**What is needed:**
Beginning with the line that holds "Tennis de table 🏓", copy every remaining line of the listing below exactly, and leave the pictures out.

'''

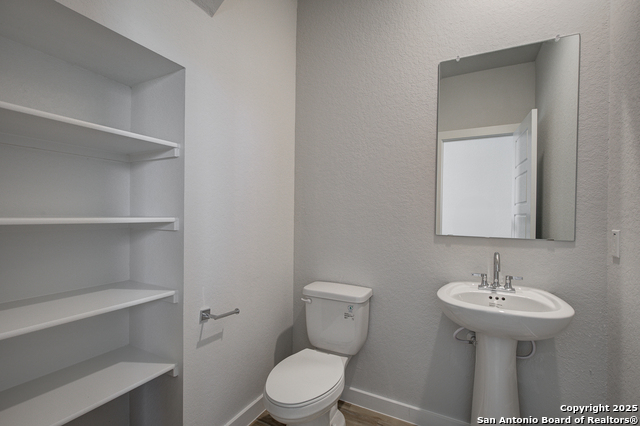 12607 Spike Heights Property Photo 4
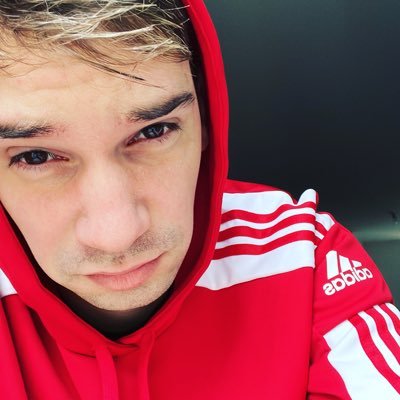 Kevin_dulac20 👻
Dlc.Kevin 📷
Football ⚽️
Tennis de table 🏓
N’hésite pas à venir parle ☺️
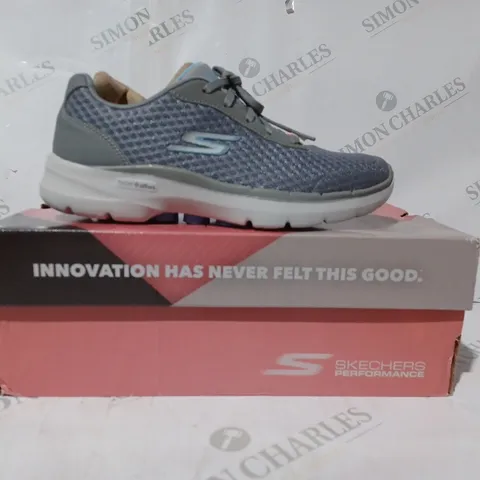 BOXED PAIR OF SKECHERS GO WALK 6 TRAINERS IN GREY SIZE 4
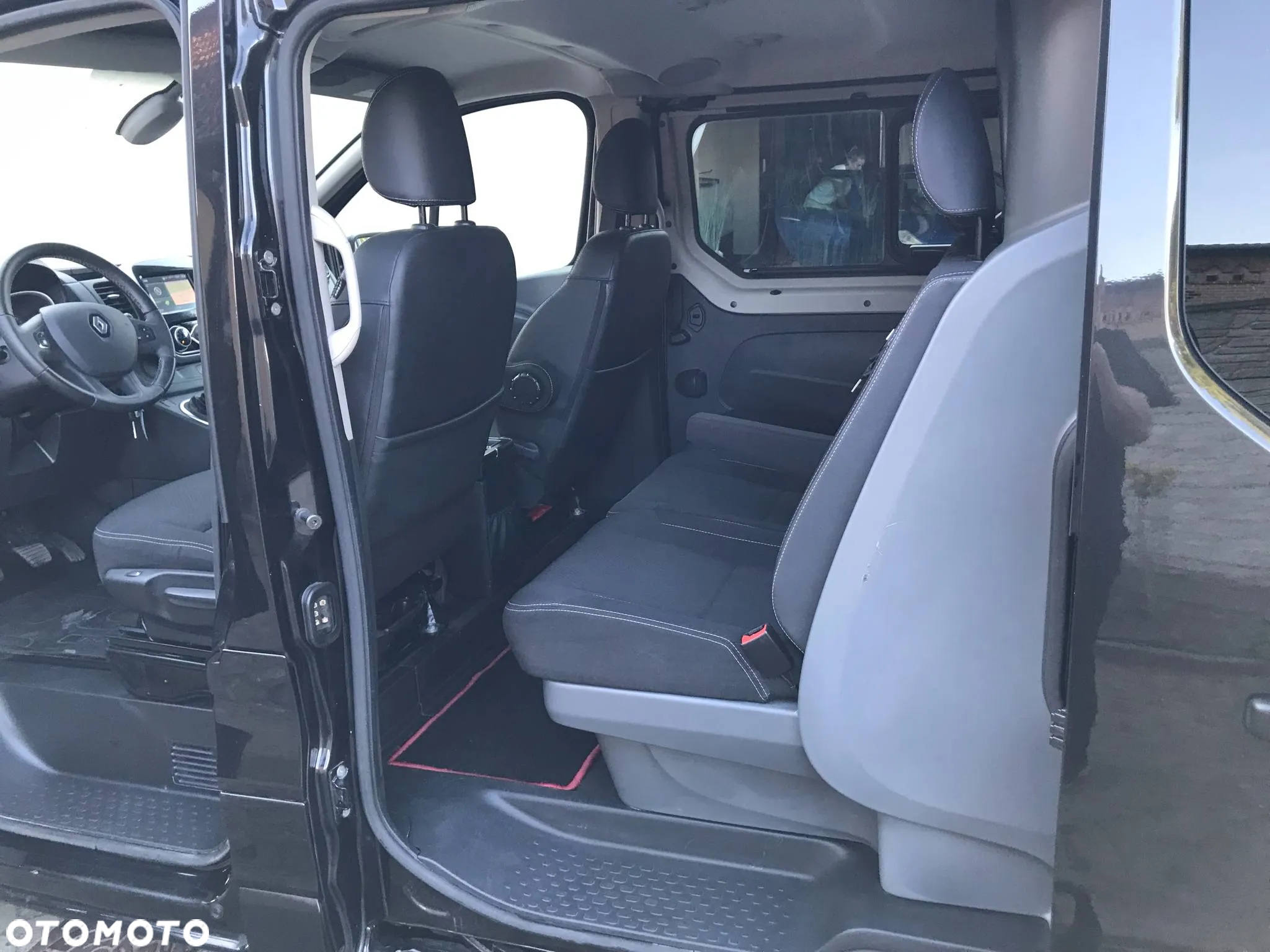 Renault Trafic - 18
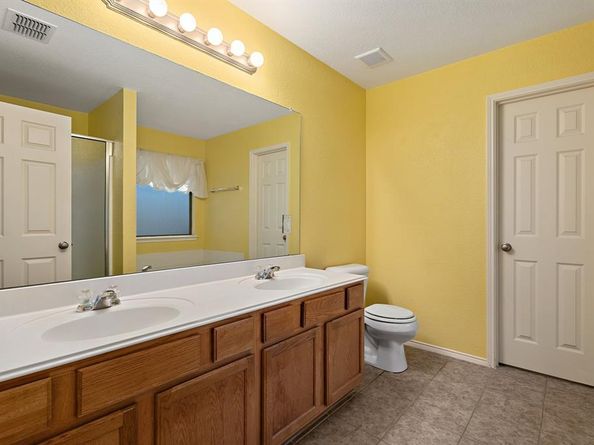 5808  Silver Leaf Drive , McKinney Texas 75070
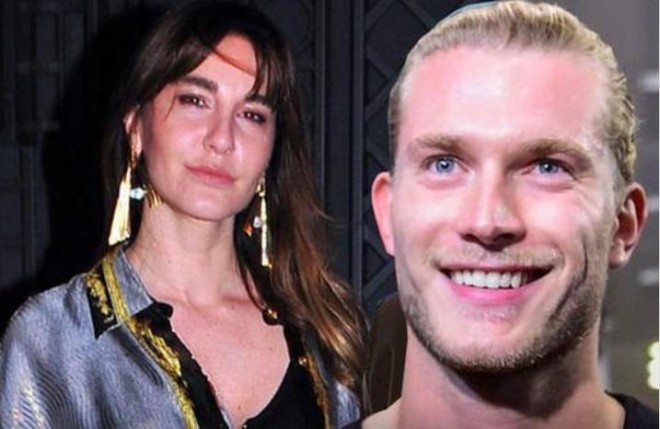 Aktrisa futbolçu ilə eşq yaşayır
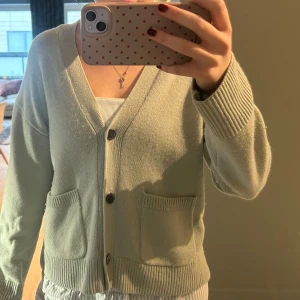 Ljusgrön kofta från Massimo Dutti - Supermjuk ljusgrön kofta från Massimo Dutti i ull och kashmir. Lite nopprig på vissa ställen, men annars inga defekter! 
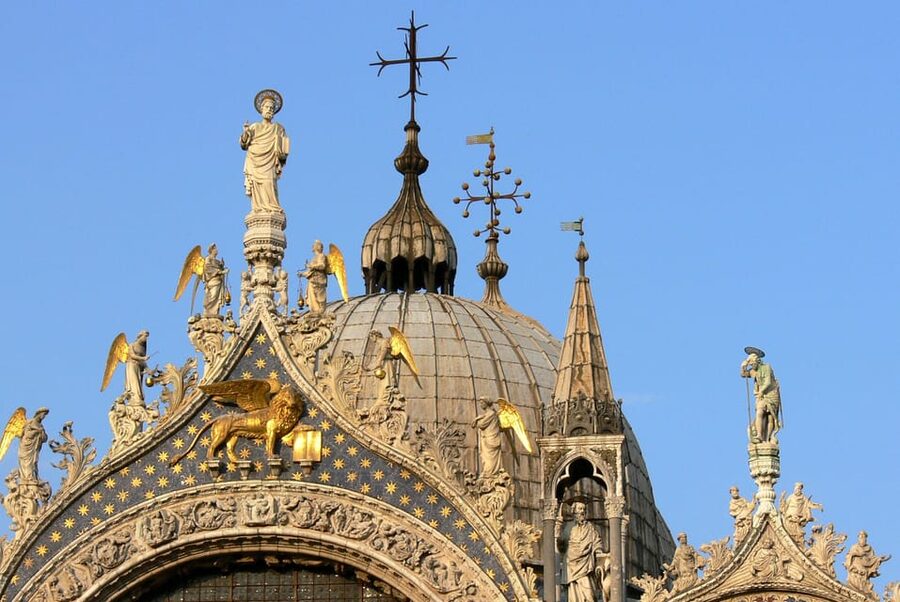 Venice: St. Mark's Basilica Guided Tour and Gondola Ride - Is $58.93 a fair price?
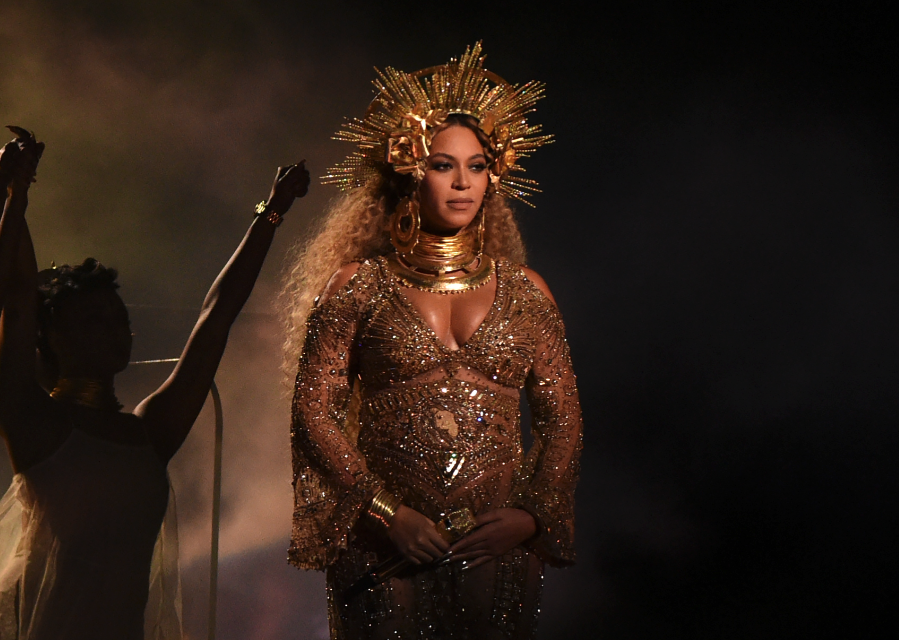 Beyonce performs pregnant with her twins during the 59th Annual Grammy music Awards 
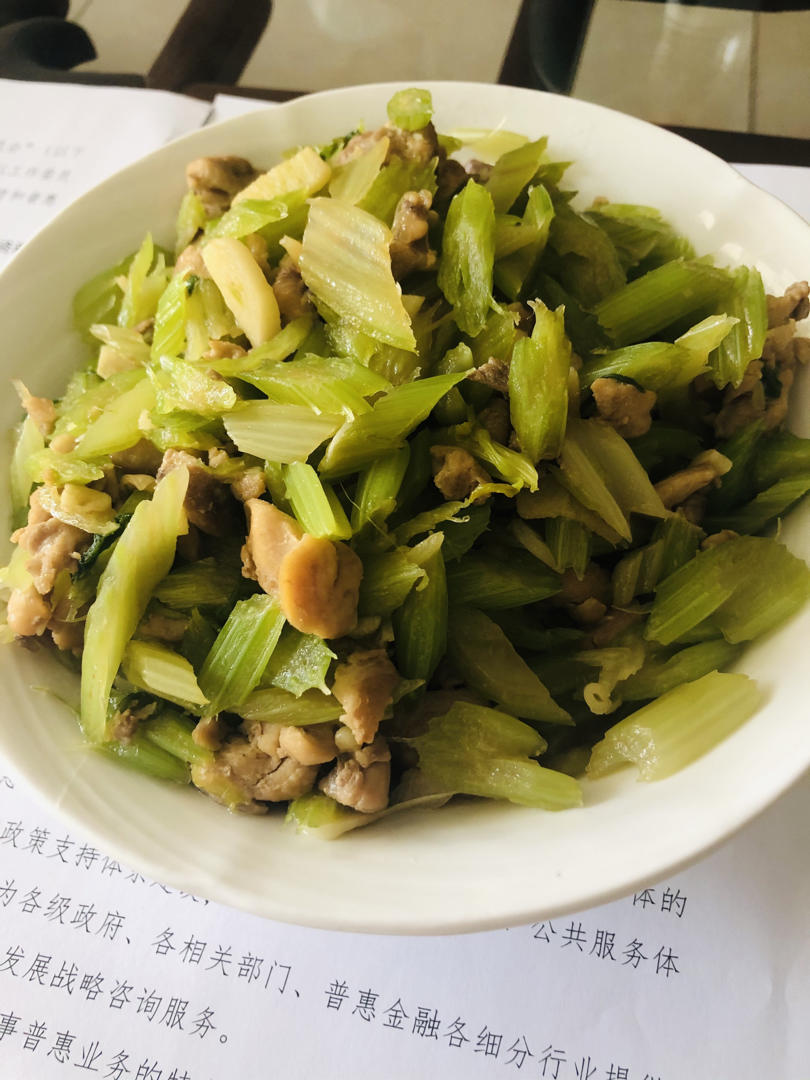 芹菜炒鸡肉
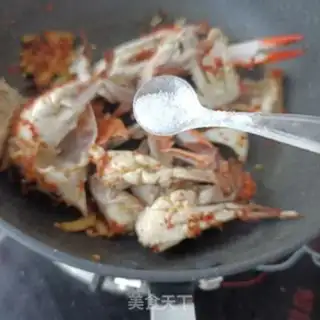 Make Pepper cutter and sea crab step 9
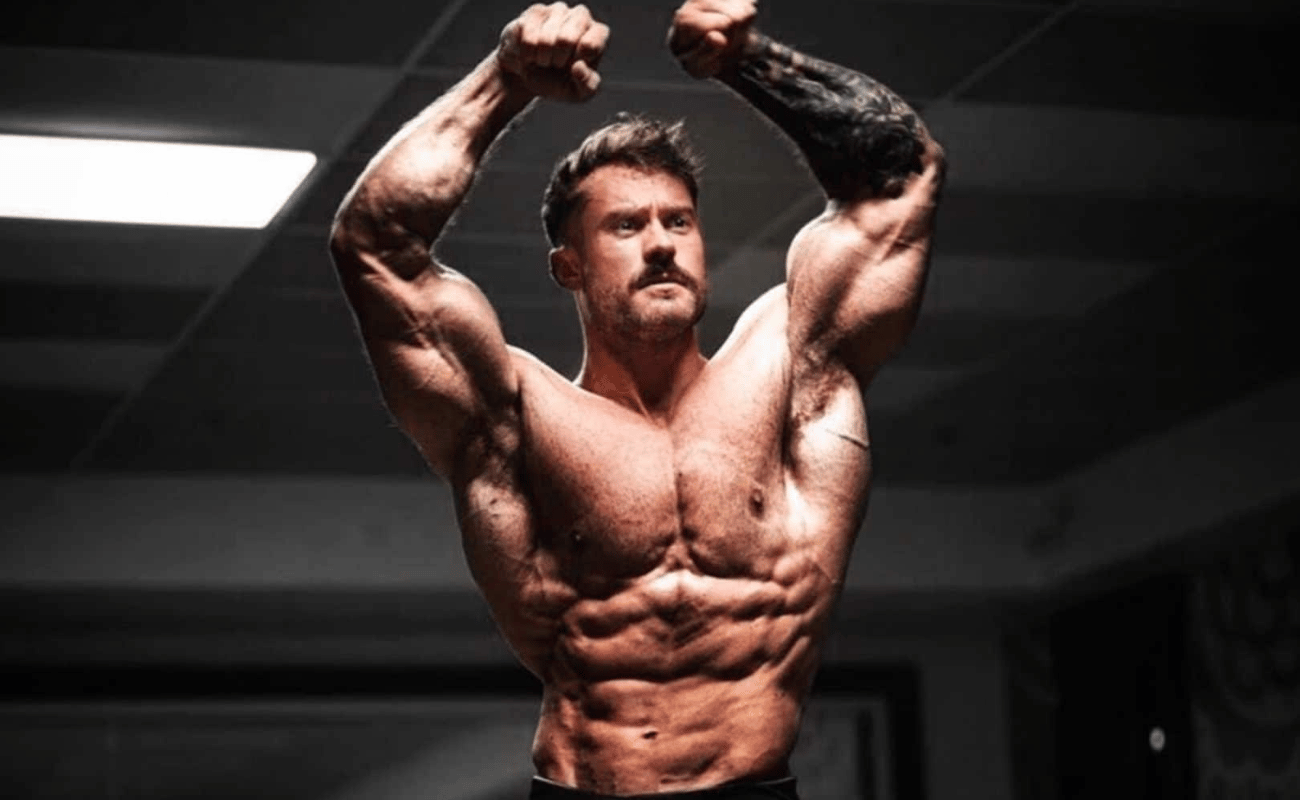 how much does cbum weigh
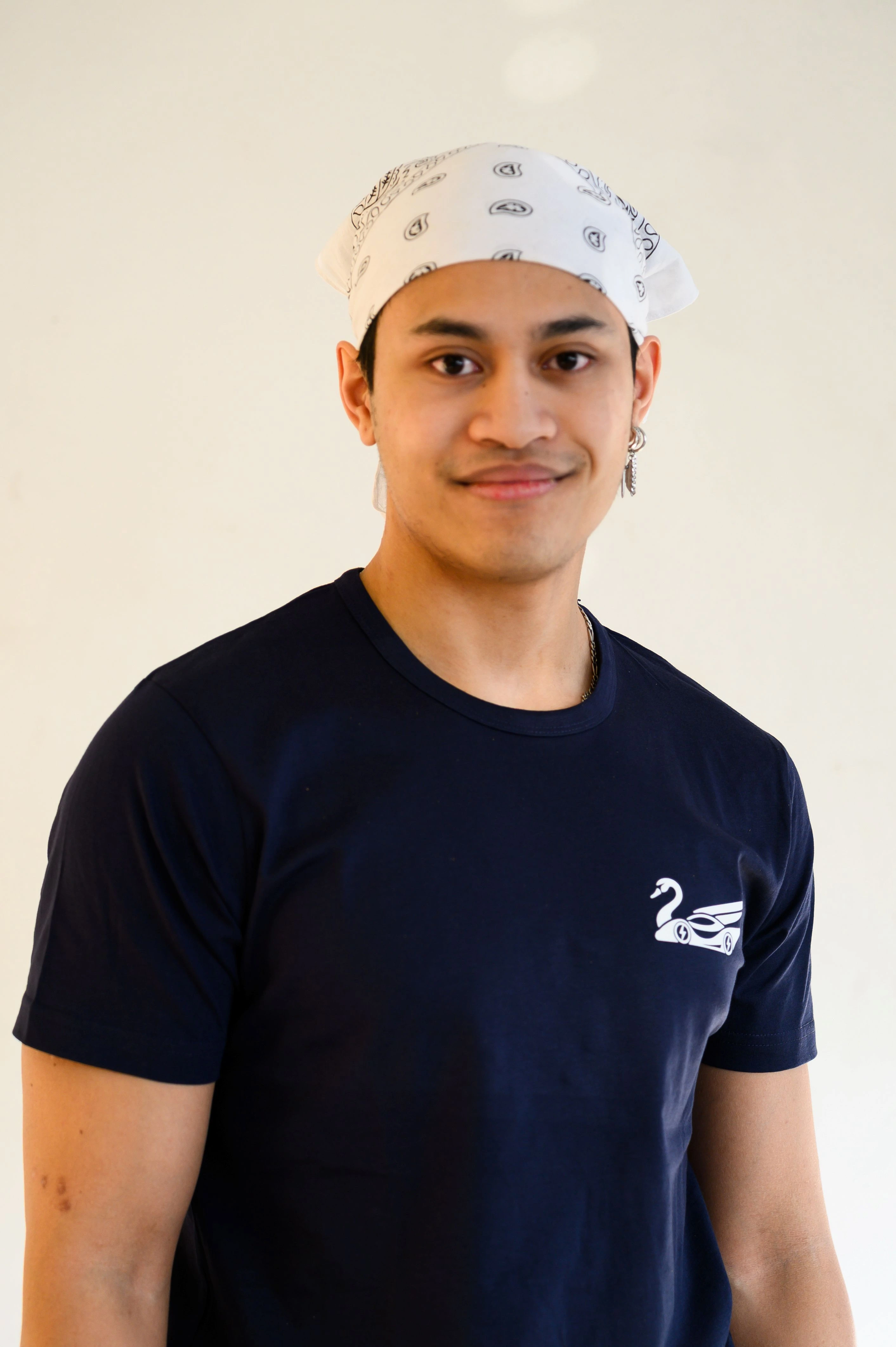 Aaris Ezra Male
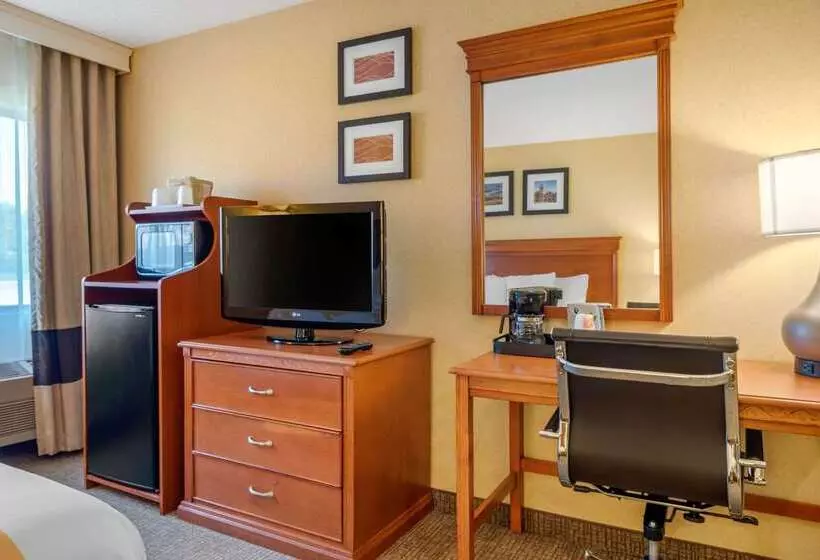 호텔 Quality Inn I25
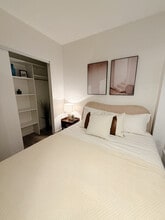 Metro in Surrey, BC - Building Photo - Building Photo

'''

**Written answer:**
Tennis de table 🏓
N’hésite pas à venir parle ☺️
 BOXED PAIR OF SKECHERS GO WALK 6 TRAINERS IN GREY SIZE 4
 Renault Trafic - 18
 5808  Silver Leaf Drive , McKinney Texas 75070
 Aktrisa futbolçu ilə eşq yaşayır
 Ljusgrön kofta från Massimo Dutti - Supermjuk ljusgrön kofta från Massimo Dutti i ull och kashmir. Lite nopprig på vissa ställen, men annars inga defekter! 
 Venice: St. Mark's Basilica Guided Tour and Gondola Ride - Is $58.93 a fair price?
 Beyonce performs pregnant with her twins during the 59th Annual Grammy music Awards 
 芹菜炒鸡肉
 Make Pepper cutter and sea crab step 9
 how much does cbum weigh
 Aaris Ezra Male
 호텔 Quality Inn I25
 Metro in Surrey, BC - Building Photo - Building Photo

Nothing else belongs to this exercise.